Safa Kamal, Scoop Writer

Neal Shusterman is a young-adult fiction writer who has won multiple different awards for his books and is especially known for his series, ‘Arc of a Scythe.’ Shusterman is a dynamic speaker, and his stories are known to make the readers feel as if his characters are real, with relatable and sensitive issues to his audience. His words are known to be captivating, and his books attract readers to them, like moths to a flame.  

One of his novels, Dry, is a story that reflects fiction onto reality in a terrifying way. The California drought was bad enough, but in Shusterman’s story, the problems that accompany the drought inflate into massive proportions. Everything seems to go wrong one problem at a time, and there is nothing anyone can do about it.

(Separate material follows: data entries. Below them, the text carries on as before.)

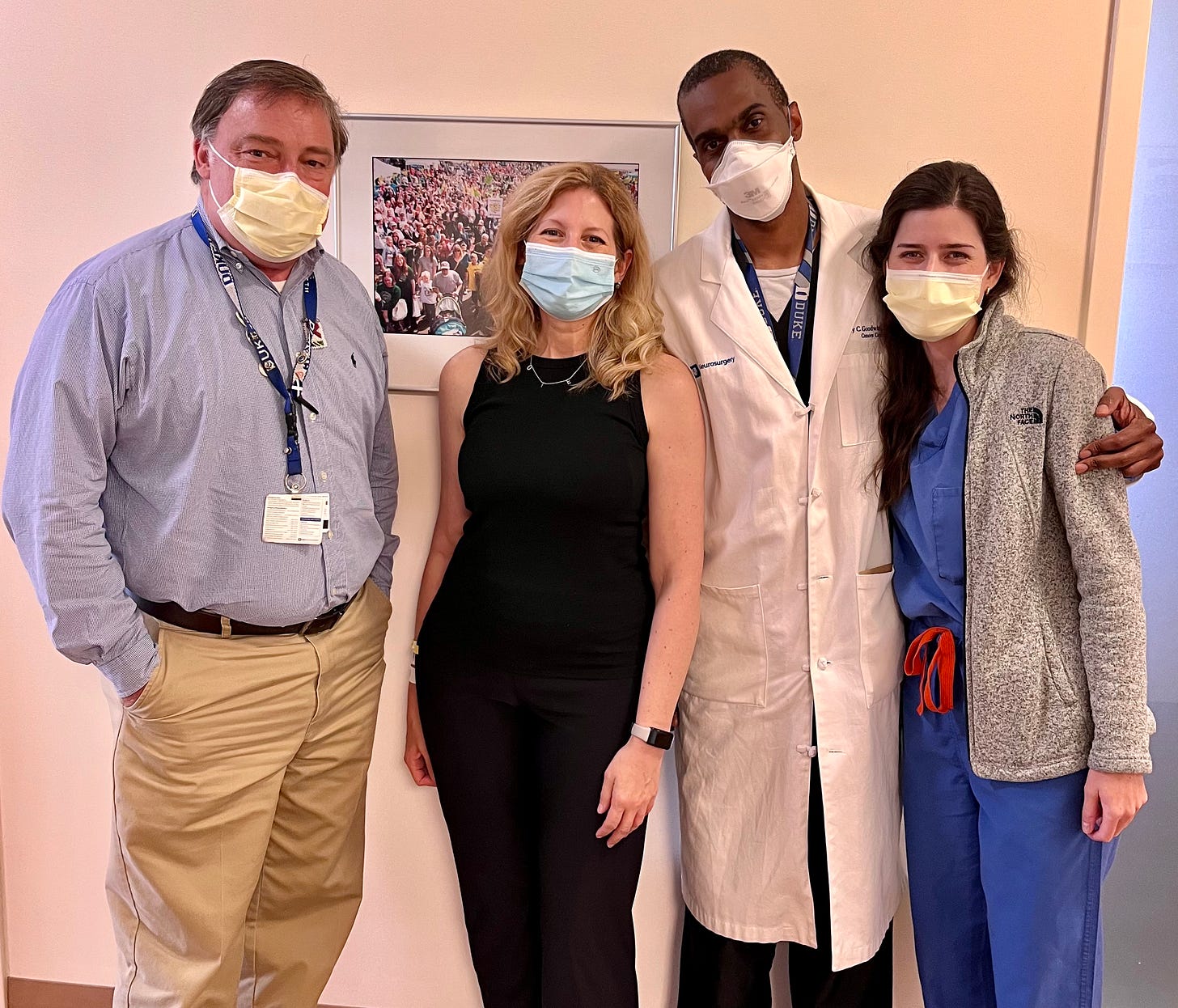 Four people standing in hallway, nurse, doctors and patient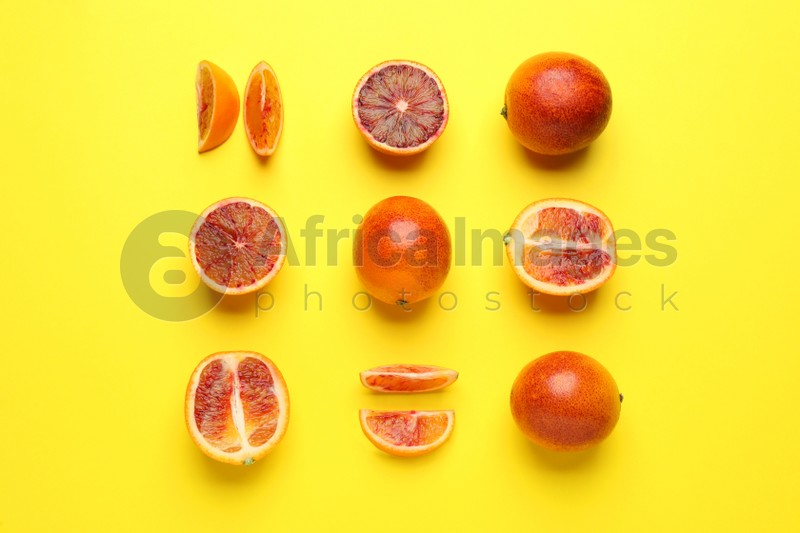 Many ripe sicilian oranges on yellow background, flat lay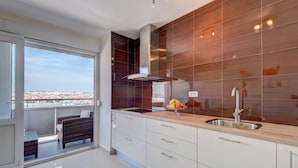 Eine moderne Küche mit einem großen Fenster, einem Balkon mit Korbmöbeln und Blick auf die Stadt.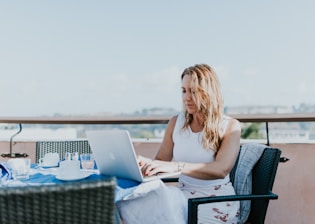A woman sits outdoors on a terrace, working on a laptop. She is dressed casually in a white top and patterned skirt. The table in front of her is covered with a blue tablecloth and holds several items, including a teacup and glasses. The background features a clear sky and blurred urban landscape.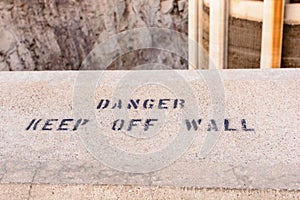 Danger, keep off wall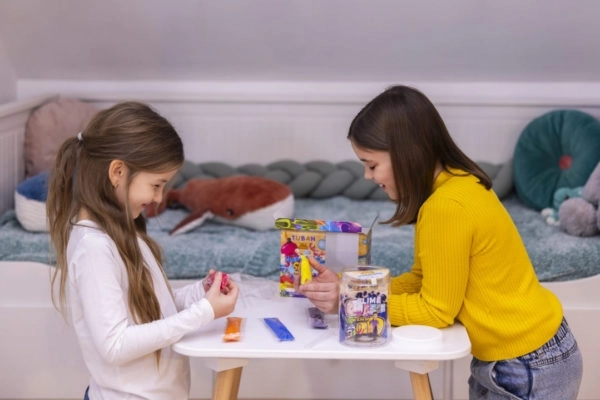 Dwie dziewczynki eksperymentujące z kolorowym piaskiem hydrofobowym przy stole w dziecięcym pokoju.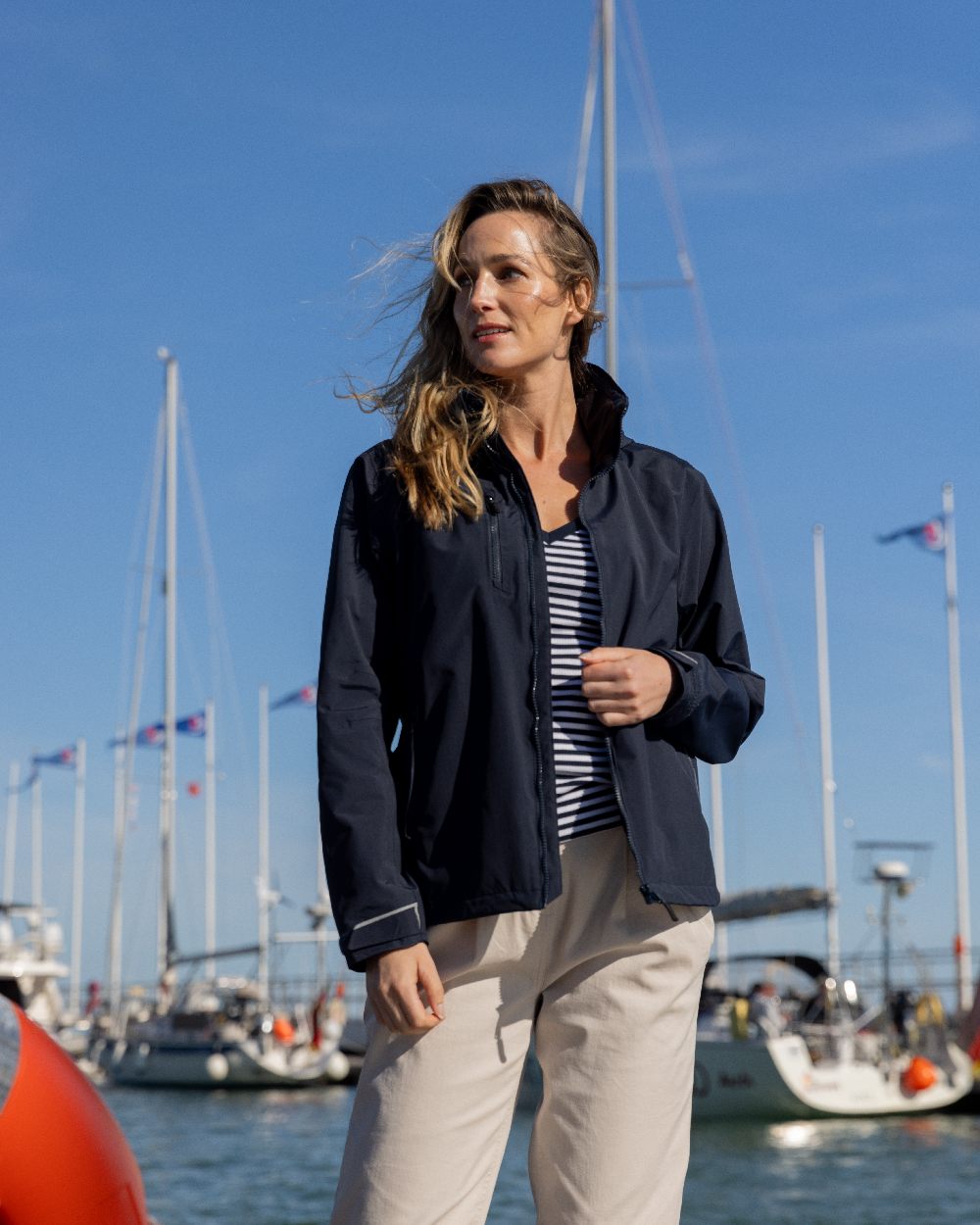 True Navy Coloured Musto Womens Corsica Jacket on Beach Background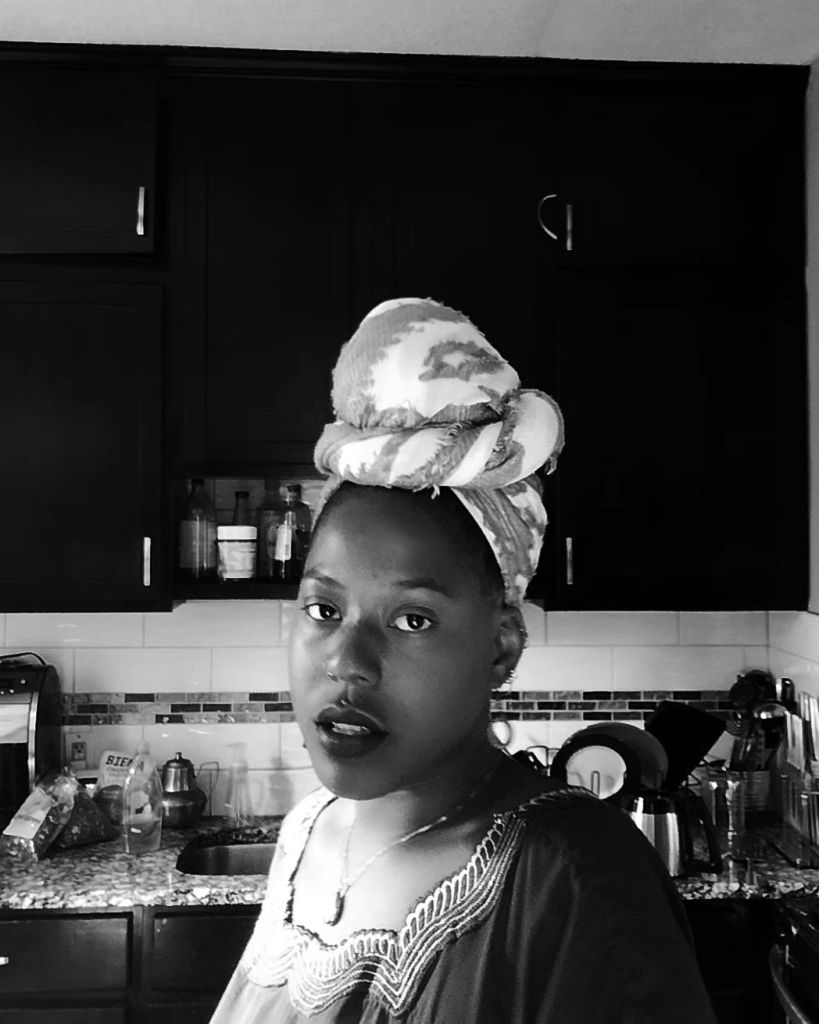 A Black woman in a kitchen, wrapped in a high headwrap and sheer traditional garment, gazes softly yet intensely toward the camera. The image is in black and white, creating contrast with the dark cabinets and reflecting kitchen surfaces behind her.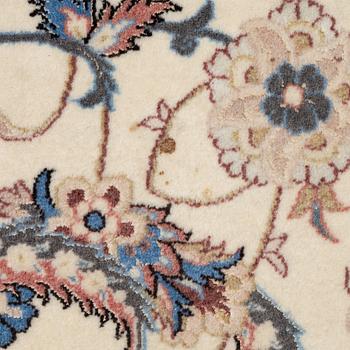 An Isfahan carpet, signed, approx. 372 x 255 cm.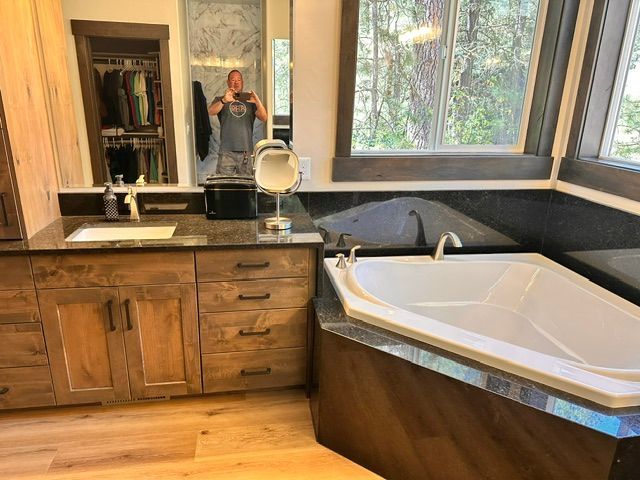 Bathroom with wood vanity, large mirror, and white corner tub beside a window.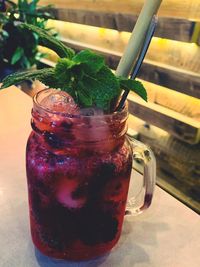 Close-up of drink in glass jar on table
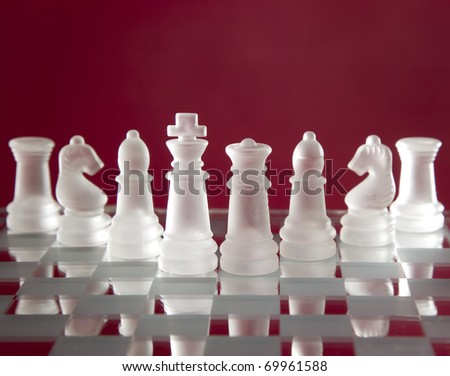 Game for leisure chess with figures on red background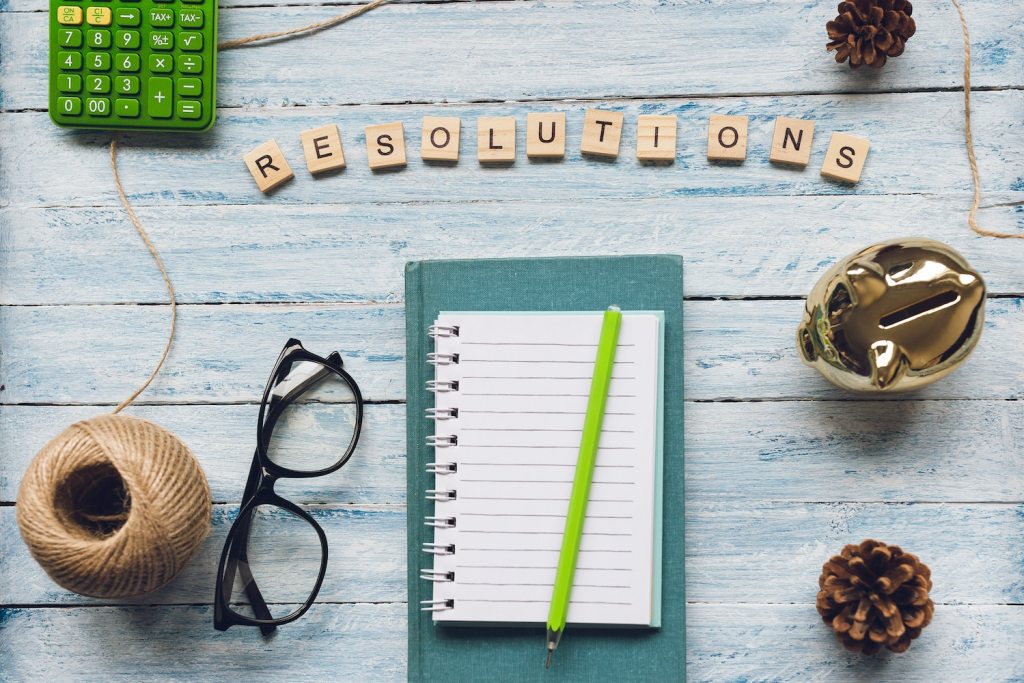 RESOLUTIONS word and an empty notepad, calculator, piggy bank, book and glasses on a blue and white wooden background. Top view, flat lay. New Year to do list concept.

The story goes to show what could have happened during the California drought. The characters go through severe changes as their situation goes from bleak to desperate, showing a realistic and chilling display of fictional characters feeling life-like to readers.

The story starts out in California, during a drought, or the Tap-Out, as many residents call it, which has actually been going on for a while. Life and people are going about normally, and everyone knows what to do and what not to do. When the tap runs dry, however, the mentally of the people degrades, and they become close to mob-like. Alyssa, our normal teenage protagonist, is faced with difficult decisions when her parents disappear, and she is left alone with her brother and a boy from her neighborhood in what is soon turning into a semi-apocalyptic town. 

This book gives a zombie-esque feel to it as humanity is portrayed in a way that makes them seem more savage than human, with the lingering feeling of being human still within. People become either predator or prey, and Shusterman portrays them perfectly to capture the complexity of the situation.